From the listing below, give again exactly the lines from the line with "Satılır 2 otaqlı köhnə tikili 56 m²" to the line with "มุมมองบวกสุดๆ! 【INTO1 Thailand】ปาร์ตี้กลุ่มวันเดอร์แลนด์", ends included, without any pictures.

(Beginning of THE DATA)

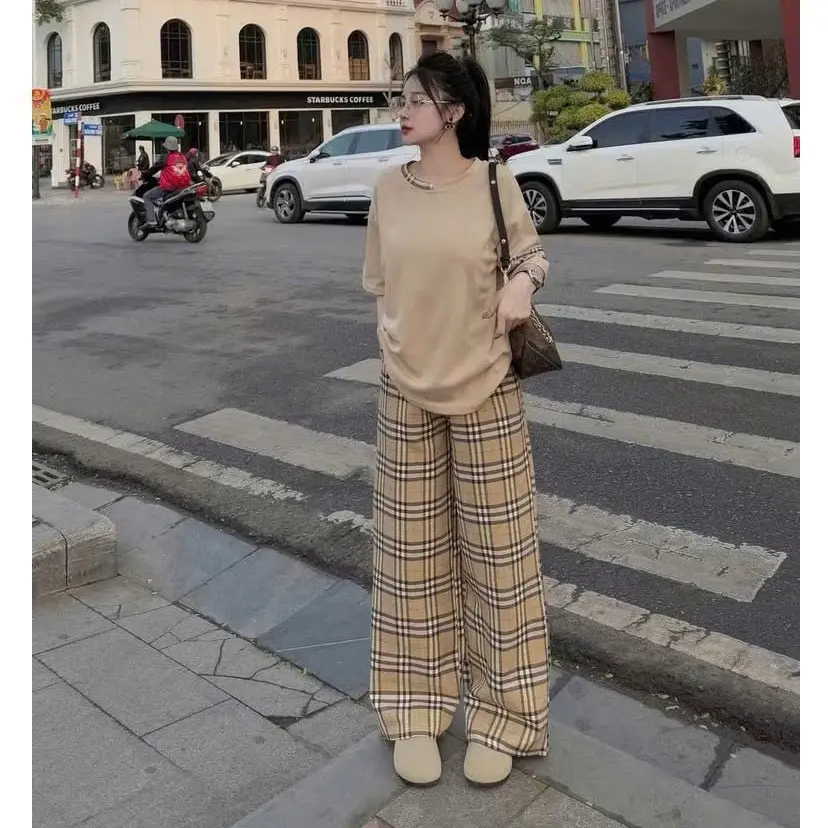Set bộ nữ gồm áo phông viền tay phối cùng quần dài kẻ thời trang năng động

(End of THE DATA)
(Beginning of THE DATA)

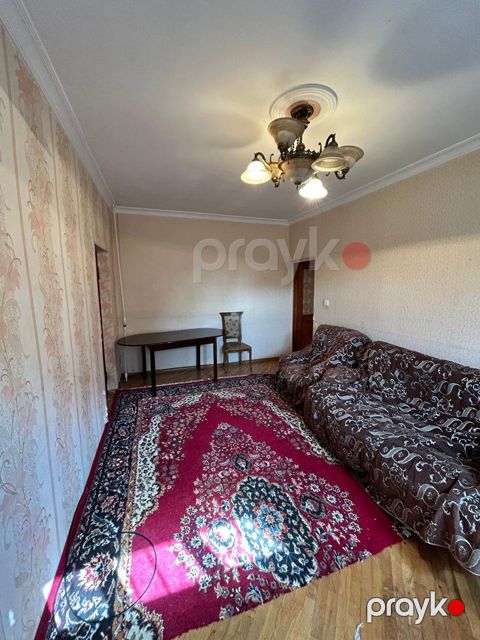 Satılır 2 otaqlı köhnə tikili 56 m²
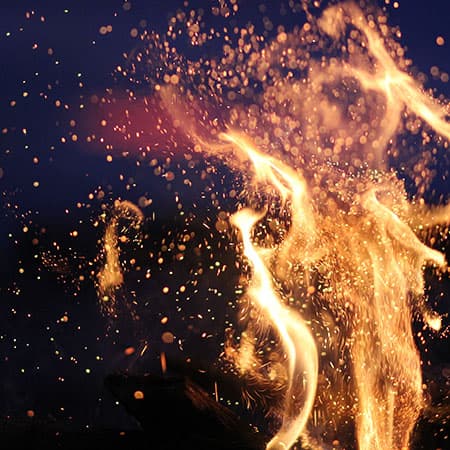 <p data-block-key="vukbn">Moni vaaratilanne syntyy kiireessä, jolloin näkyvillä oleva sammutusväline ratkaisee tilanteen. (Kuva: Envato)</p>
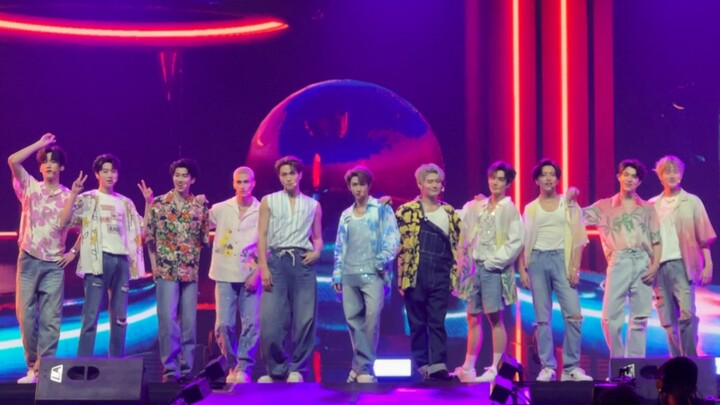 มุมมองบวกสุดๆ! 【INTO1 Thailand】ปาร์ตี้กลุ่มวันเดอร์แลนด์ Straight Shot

(End of THE DATA)

**OUTPUT FOR THIS EXERCISE**
 Satılır 2 otaqlı köhnə tikili 56 m²
 <p data-block-key="vukbn">Moni vaaratilanne syntyy kiireessä, jolloin näkyvillä oleva sammutusväline ratkaisee tilanteen. (Kuva: Envato)</p>
 มุมมองบวกสุดๆ! 【INTO1 Thailand】ปาร์ตี้กลุ่มวันเดอร์แลนด์ Straight Shot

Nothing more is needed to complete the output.